You received an inquiry regarding solvent cleaning of disc drive parts using "exotic" solvent and alcohol in a vacuum style vapor degreaser. Our company manufactures these units and we have one that cleans disc drive platters. This unit is used for final clean. So far in our testing, yield is increased. The current unit uses megasonics. In future testing we want to use ultrasonics for comparison and also a combination of both. Density of the solvent does seem to have a positive affect on particulates. We have several disc drive companies interested worldwide because of problems with water cleaning and the need to increase yield. A.G.
The information above is a follow-up to my February column regarding disc drive parts cleaning. In that column, A.G. commented that they had seen improved cleaning results when going to a mix of "exotic" solvent and alcohol. In my commentary, I suggested that the improved particulate removal was probably due more to reduced surface tension than the increased solvent density.
More information surfaces this month regarding specifics of the cleaning equipment. It is noted that the current equipment uses megasonics. This is valuable information since the sonics are a more effective means of cleaning than a static solvent bath. This would better explain why they have seen an improvement in particulate removal more than any other reason.
The megasonic region they are working in is a very high frequency (approaching 1 MHz).
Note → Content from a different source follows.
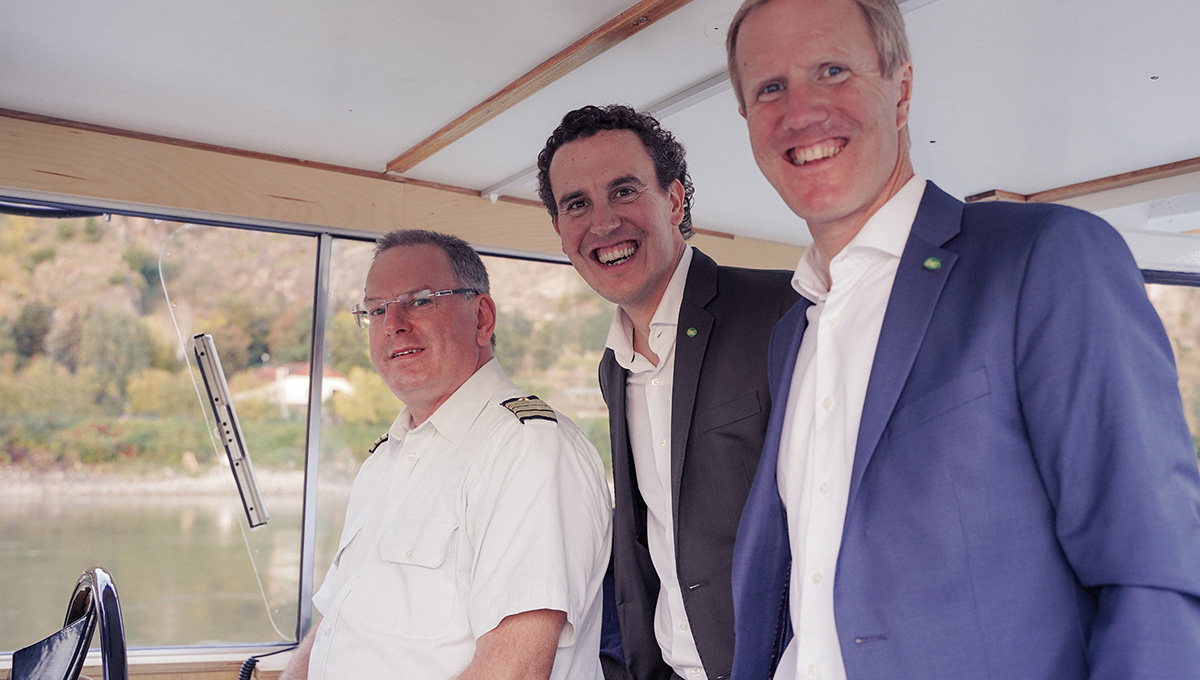 © Foto: Kiennast; v.li.: Kapitän Manfred Kovac mit den beiden Geschäftsführern, Mag.(FH) Alexander Kiennast und Mag. Julius Kiennast auf der Brücke der MS Mariandl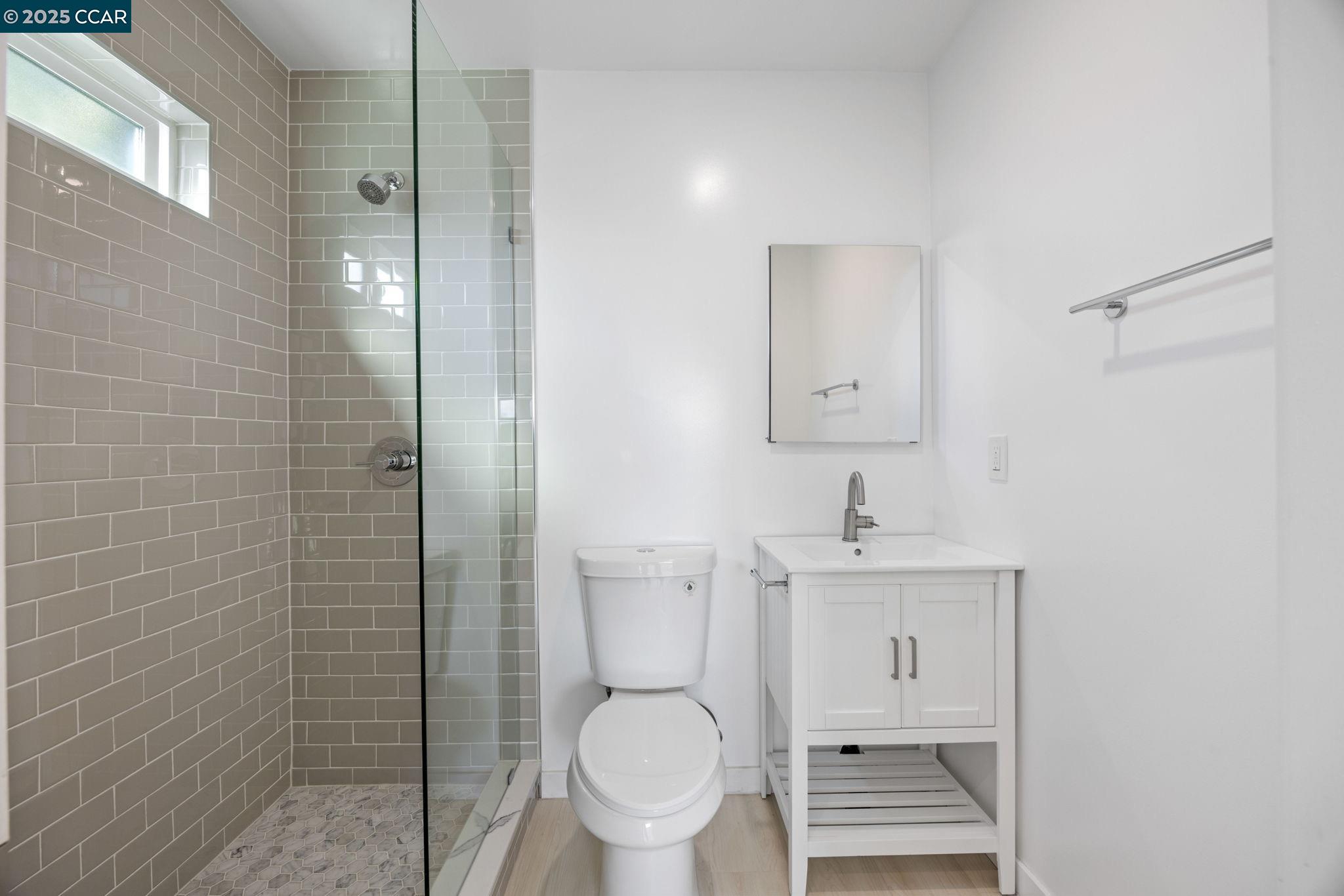 Detail Gallery Image 14 of 14 For 1015 47th St #D,  Emeryville,  CA 94608 - 1 Beds | 1 Baths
This high frequency is generally reserved for more delicate materials that can be damaged at lower frequencies. As they lower the frequency, the physical action of cleaning will tend to be more aggressive, therefore particulate removal may be more efficient. However, this needs to be balanced against the risk of part damage. As the ultrasonic frequency becomes lower, there is a greater chance of part damage, particularly for something like a disc drive.
The exchange from these couple of columns shows how important it is to get the entire story before drawing conclusions. The equipment plays just as important a role as the solvent does in getting parts sufficiently clean.